Dois bebês, KJ e Kyle, foram tratados com terapias genéticas personalizadas que corrigiram mutações genéticas, trazendo esperança para o tratamento de doenças raras. KJ, de nove meses, tinha uma doença chamada deficiência de carbamoil fosfato sintetase, que impede o corpo de eliminar substâncias tóxicas. Ele recebeu um tratamento inovador em que cientistas usaram a tecnologia CRISPR para editar seu DNA. Após o tratamento, KJ começou a tolerar uma dieta com mais proteínas e precisou de menos medicação. Kyle, de dois anos, também foi tratado com uma terapia semelhante que corrigiu uma única letra em seu DNA, permitindo que ele tolerasse proteínas e melhorasse seu desenvolvimento. Ambos os casos mostram o potencial da terapia genética para tratar doenças raras, embora ainda seja necessário monitorar os efeitos a longo prazo e considerar os desafios de tornar esses tratamentos acessíveis para mais pacientes.
Um bebê norte-americano se tornou o primeiro paciente do mundo a receber uma terapia genética personalizada, um avanço significativo no tratamento de doenças raras. O tratamento foi realizado no Hospital Infantil da Filadélfia e anunciado em um estudo publicado no New England Journal of Medicine.

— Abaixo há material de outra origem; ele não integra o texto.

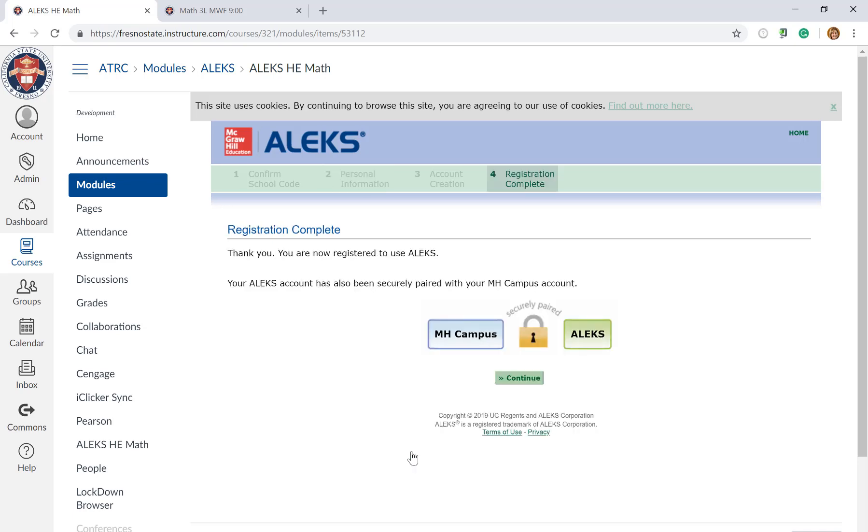And then you're going to get a message here that your ALEKS account has been paired with Canvas and the next time you log in you'll be brought right to your assignments in ALEKS. Thank you.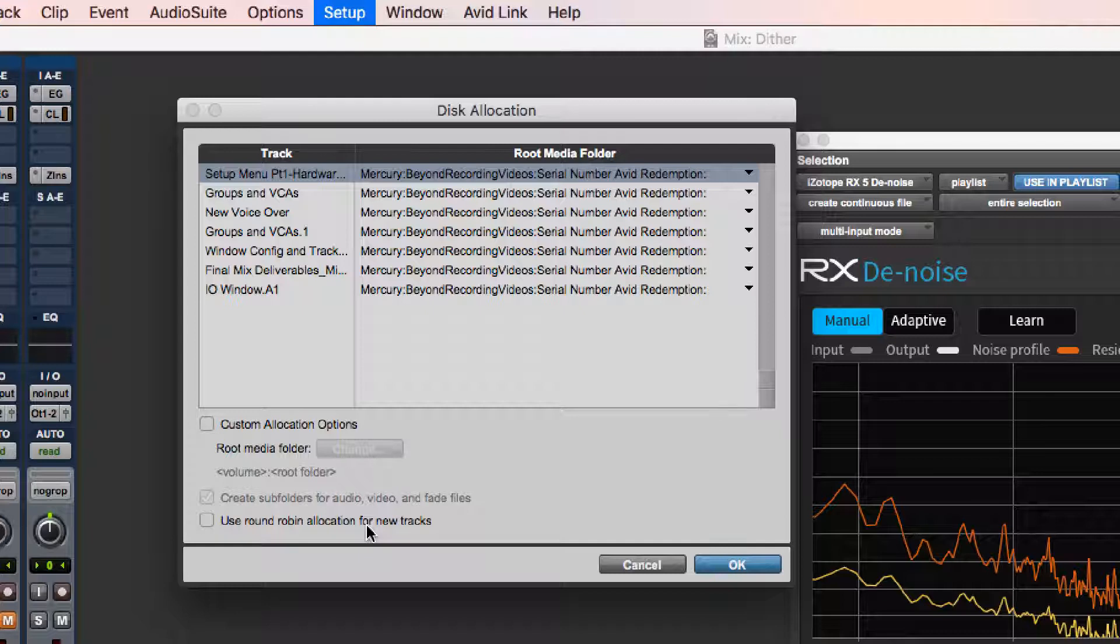The long and short of it, the one thing you need to know about the disk allocation window is it is the recording destination for individual tracks in Pro Tools. It is where you identify what drive you are putting your audio files on.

O bebê, diagnosticado com deficiência de carbamoil fosfato sintetase (CPS1), uma condição metabólica grave, recebeu um medicamento desenvolvido especificamente para corrigir uma mutação genética. Essa doença impede a eliminação de substâncias tóxicas, como a amônia, que se acumulam no organismo. A equipe médica utilizou a tecnologia CRISPR-Cas9, que permite a edição precisa do genoma.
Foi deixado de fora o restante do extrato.